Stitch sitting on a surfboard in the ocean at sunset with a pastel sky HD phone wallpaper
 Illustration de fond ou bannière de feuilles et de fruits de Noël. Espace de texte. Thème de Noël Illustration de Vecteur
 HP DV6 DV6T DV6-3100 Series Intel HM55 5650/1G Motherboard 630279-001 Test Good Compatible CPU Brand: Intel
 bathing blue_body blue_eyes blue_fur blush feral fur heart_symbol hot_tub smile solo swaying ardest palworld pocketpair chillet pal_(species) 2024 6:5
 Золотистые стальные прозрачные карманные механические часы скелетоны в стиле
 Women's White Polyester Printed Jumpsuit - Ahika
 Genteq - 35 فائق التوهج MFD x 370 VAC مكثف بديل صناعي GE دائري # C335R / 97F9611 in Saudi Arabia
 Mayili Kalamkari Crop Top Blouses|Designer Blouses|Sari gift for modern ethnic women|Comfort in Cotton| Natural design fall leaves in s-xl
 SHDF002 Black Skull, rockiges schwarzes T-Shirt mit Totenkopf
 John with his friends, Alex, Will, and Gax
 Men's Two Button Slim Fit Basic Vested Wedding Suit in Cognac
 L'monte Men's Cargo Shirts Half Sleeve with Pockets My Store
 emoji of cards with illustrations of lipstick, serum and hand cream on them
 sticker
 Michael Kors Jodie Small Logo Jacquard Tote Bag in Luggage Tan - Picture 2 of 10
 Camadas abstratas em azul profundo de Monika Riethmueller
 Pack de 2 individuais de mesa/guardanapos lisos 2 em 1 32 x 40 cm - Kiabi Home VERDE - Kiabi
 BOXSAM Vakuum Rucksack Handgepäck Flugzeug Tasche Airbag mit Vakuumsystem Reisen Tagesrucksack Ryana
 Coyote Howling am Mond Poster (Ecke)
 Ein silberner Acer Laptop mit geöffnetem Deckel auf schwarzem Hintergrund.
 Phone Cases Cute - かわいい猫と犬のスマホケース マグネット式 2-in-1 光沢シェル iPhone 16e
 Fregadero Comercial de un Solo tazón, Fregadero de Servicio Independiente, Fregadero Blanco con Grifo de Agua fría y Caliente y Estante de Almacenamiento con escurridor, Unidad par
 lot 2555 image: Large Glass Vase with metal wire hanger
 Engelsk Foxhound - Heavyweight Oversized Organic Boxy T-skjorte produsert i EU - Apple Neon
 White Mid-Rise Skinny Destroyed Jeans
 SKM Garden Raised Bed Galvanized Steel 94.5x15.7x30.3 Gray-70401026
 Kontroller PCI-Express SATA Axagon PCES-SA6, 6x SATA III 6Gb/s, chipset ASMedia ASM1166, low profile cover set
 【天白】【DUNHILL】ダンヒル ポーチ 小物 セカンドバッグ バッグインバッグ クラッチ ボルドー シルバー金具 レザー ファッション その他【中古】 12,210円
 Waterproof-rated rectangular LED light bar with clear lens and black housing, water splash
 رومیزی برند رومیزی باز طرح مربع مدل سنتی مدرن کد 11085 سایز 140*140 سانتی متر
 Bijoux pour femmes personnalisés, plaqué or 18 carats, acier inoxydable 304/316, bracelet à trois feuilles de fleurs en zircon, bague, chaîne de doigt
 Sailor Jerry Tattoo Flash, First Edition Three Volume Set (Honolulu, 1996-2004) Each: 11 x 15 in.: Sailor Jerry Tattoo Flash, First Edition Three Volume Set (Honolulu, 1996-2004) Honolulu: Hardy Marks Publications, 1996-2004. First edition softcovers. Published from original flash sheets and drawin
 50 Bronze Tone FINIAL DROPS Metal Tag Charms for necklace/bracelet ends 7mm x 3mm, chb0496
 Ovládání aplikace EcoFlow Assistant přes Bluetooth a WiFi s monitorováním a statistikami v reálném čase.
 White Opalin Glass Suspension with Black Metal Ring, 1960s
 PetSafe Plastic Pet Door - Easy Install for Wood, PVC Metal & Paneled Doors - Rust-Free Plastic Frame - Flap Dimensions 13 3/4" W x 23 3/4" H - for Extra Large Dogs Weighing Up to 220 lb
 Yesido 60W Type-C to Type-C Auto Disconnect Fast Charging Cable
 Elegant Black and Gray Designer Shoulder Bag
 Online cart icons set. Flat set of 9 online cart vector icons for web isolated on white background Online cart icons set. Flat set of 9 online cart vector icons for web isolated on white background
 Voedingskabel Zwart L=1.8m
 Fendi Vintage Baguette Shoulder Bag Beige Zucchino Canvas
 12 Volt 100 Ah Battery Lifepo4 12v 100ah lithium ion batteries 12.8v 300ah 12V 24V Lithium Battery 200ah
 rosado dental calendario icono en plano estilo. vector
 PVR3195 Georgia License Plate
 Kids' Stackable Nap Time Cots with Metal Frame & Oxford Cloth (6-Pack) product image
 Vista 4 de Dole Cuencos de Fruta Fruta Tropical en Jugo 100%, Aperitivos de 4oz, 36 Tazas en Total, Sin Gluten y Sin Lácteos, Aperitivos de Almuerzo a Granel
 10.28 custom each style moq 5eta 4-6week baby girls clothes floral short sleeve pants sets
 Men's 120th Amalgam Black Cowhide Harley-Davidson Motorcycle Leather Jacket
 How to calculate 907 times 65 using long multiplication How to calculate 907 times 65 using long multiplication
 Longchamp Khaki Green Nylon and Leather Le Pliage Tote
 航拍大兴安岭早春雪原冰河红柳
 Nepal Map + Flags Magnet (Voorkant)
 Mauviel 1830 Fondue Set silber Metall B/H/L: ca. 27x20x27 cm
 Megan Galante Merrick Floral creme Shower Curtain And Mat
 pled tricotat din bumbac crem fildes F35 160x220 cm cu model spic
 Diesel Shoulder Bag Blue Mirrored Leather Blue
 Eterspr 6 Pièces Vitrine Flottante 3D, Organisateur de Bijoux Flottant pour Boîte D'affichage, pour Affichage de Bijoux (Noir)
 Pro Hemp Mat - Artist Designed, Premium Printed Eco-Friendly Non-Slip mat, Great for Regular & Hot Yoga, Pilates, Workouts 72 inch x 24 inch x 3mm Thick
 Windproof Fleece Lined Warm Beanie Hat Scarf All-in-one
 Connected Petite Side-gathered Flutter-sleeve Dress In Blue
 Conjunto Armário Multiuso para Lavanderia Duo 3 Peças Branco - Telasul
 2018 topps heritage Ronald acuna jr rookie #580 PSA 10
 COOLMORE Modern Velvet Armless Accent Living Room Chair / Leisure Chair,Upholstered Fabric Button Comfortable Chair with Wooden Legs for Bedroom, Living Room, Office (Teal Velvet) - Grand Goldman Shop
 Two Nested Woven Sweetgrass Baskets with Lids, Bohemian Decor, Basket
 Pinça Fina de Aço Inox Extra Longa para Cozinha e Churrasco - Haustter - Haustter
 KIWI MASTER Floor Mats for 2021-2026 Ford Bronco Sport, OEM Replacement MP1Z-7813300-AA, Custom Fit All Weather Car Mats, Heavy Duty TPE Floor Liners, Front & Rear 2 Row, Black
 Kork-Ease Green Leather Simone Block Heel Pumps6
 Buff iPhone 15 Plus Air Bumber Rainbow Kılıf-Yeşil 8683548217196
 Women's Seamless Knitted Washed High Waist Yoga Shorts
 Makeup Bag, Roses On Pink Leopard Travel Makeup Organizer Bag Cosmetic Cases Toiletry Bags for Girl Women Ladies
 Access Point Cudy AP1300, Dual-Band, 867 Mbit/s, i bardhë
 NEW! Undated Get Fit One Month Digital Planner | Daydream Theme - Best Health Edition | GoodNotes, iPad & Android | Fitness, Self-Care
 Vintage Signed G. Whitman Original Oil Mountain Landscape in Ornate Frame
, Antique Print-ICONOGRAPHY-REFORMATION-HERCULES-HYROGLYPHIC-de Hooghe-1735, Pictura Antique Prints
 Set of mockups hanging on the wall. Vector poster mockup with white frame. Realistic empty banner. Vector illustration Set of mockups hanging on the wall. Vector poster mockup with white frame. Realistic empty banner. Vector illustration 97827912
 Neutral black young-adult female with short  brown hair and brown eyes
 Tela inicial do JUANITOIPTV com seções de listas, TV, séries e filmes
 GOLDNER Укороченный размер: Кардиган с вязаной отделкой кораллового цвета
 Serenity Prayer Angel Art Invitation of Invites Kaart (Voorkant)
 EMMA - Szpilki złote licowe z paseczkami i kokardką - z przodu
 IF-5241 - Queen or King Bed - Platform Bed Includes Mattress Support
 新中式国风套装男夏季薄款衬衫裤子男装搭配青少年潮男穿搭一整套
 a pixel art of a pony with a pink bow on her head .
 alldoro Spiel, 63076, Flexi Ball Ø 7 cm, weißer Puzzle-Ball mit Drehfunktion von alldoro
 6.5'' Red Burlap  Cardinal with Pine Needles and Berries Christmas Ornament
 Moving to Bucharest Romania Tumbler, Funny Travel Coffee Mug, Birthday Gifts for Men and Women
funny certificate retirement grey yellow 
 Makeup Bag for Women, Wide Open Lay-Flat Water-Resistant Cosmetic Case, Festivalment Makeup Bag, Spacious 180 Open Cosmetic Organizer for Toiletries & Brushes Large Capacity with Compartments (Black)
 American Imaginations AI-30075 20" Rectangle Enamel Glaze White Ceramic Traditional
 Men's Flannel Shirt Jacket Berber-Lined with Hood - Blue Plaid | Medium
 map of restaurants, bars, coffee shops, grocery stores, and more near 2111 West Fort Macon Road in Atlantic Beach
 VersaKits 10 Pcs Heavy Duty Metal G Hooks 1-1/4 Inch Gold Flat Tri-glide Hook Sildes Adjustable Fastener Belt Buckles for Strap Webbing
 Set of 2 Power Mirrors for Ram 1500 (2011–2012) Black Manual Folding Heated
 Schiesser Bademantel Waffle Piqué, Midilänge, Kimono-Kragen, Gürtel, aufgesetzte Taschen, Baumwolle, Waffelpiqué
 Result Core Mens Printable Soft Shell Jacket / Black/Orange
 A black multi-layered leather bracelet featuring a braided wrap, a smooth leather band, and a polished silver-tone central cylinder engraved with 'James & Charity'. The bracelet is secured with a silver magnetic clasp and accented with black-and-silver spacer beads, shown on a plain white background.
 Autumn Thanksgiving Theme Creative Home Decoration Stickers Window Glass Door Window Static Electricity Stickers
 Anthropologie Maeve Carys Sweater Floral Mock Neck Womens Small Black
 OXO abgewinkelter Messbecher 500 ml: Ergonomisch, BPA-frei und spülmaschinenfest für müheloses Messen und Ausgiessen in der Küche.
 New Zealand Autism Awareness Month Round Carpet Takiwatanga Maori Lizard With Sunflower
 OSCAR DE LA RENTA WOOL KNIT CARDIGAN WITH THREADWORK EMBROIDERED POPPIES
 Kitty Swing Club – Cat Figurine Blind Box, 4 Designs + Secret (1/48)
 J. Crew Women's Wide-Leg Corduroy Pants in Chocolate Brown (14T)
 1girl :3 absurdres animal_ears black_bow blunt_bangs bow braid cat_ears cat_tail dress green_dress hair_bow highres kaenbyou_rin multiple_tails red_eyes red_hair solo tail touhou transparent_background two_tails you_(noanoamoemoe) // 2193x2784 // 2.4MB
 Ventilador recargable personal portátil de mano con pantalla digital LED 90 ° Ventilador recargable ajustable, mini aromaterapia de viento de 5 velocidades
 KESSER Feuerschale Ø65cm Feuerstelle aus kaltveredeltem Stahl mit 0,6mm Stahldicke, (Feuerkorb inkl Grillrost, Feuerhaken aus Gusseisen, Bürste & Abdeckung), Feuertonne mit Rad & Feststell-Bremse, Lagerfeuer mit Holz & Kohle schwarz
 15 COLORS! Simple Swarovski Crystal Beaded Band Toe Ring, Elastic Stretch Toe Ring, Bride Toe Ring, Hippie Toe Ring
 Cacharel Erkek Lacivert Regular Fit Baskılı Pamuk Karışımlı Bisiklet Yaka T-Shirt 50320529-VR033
- - - -
▸ **WORK REQUEST**:
Look for the string "Cases" in the records, and copy every line where it is found.

▸ **RESPONSE FOR THIS EXERCISE**:
 Phone Cases Cute - かわいい猫と犬のスマホケース マグネット式 2-in-1 光沢シェル iPhone 16e
 Makeup Bag, Roses On Pink Leopard Travel Makeup Organizer Bag Cosmetic Cases Toiletry Bags for Girl Women Ladies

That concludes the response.